**Given data**.
============

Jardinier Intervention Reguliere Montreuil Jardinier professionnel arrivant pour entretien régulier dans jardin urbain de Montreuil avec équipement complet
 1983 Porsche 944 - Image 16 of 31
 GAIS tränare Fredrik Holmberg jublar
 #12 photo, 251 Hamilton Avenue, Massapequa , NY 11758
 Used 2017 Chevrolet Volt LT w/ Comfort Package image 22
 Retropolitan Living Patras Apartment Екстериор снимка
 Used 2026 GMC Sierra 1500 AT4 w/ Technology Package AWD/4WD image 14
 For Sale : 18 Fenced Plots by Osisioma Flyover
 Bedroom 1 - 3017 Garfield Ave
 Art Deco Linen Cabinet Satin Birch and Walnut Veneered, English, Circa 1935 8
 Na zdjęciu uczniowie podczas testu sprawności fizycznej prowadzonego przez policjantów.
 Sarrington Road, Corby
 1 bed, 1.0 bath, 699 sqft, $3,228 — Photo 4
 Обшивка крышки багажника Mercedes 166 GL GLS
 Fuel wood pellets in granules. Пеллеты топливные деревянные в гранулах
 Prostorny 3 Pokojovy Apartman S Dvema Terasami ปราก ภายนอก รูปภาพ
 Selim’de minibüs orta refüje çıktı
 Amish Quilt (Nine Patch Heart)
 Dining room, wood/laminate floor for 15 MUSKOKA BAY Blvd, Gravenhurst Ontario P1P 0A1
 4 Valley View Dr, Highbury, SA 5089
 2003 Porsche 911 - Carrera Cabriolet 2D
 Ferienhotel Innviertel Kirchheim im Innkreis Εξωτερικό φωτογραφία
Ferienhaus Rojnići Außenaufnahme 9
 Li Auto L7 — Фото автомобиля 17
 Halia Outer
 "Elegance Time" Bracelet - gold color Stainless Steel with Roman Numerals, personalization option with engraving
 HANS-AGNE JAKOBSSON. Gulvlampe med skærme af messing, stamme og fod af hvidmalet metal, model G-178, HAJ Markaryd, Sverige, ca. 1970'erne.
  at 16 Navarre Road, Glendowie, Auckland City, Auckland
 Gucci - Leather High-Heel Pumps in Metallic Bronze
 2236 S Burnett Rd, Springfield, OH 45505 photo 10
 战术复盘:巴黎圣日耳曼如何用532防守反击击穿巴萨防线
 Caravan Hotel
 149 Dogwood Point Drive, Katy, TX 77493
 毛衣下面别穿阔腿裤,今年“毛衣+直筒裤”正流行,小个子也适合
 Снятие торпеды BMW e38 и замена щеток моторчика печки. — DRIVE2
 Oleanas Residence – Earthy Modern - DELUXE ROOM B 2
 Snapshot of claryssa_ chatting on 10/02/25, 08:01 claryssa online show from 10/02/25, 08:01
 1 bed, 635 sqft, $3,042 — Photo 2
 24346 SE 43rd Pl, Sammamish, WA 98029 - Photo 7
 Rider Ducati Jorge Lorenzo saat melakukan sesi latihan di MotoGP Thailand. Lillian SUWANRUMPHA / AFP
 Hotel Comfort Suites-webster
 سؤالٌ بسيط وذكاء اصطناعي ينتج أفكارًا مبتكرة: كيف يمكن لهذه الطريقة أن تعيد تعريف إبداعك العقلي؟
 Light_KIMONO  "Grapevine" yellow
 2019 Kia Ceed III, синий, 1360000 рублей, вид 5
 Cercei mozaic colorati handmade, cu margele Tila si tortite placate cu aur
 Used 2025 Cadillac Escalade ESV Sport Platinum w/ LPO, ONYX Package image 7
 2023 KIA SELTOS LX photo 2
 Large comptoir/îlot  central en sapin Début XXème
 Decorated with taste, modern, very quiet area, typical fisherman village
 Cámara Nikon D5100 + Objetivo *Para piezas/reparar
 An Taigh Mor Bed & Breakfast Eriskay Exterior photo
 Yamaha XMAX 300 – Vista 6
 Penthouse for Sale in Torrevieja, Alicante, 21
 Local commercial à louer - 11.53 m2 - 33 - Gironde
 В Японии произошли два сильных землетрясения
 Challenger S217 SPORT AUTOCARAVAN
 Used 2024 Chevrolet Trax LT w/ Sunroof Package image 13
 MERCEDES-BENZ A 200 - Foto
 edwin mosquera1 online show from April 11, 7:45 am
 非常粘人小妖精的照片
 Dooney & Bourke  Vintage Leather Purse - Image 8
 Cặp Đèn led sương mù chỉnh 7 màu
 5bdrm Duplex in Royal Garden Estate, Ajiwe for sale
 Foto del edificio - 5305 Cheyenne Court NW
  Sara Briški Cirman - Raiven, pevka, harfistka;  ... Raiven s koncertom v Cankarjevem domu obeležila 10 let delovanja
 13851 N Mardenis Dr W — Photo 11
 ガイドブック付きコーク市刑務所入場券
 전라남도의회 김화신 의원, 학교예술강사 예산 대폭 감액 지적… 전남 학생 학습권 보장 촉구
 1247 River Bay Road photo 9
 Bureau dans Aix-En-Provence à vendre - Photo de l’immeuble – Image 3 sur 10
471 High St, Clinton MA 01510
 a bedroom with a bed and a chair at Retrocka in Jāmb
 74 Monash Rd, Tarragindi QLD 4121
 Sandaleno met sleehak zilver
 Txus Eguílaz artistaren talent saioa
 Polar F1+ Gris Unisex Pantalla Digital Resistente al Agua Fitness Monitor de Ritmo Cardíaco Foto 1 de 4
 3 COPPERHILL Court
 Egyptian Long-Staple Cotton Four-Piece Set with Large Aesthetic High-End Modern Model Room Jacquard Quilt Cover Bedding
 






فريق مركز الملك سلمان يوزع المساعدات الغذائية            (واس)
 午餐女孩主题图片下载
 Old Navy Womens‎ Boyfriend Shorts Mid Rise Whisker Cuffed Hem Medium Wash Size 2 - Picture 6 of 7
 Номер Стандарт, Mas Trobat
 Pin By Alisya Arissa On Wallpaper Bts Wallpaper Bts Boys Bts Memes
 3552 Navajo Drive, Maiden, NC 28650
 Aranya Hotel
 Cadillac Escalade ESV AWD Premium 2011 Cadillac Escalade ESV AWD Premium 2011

============

**Problem details**.
Above are the lines; repeat exactly the ones from the line containing "5bdrm Duplex in" down to the line containing "1247 River Bay Road photo 9", both inclusive.

**Written reply**.
 5bdrm Duplex in Royal Garden Estate, Ajiwe for sale
 Foto del edificio - 5305 Cheyenne Court NW
  Sara Briški Cirman - Raiven, pevka, harfistka;  ... Raiven s koncertom v Cankarjevem domu obeležila 10 let delovanja
 13851 N Mardenis Dr W — Photo 11
 ガイドブック付きコーク市刑務所入場券
 전라남도의회 김화신 의원, 학교예술강사 예산 대폭 감액 지적… 전남 학생 학습권 보장 촉구
 1247 River Bay Road photo 9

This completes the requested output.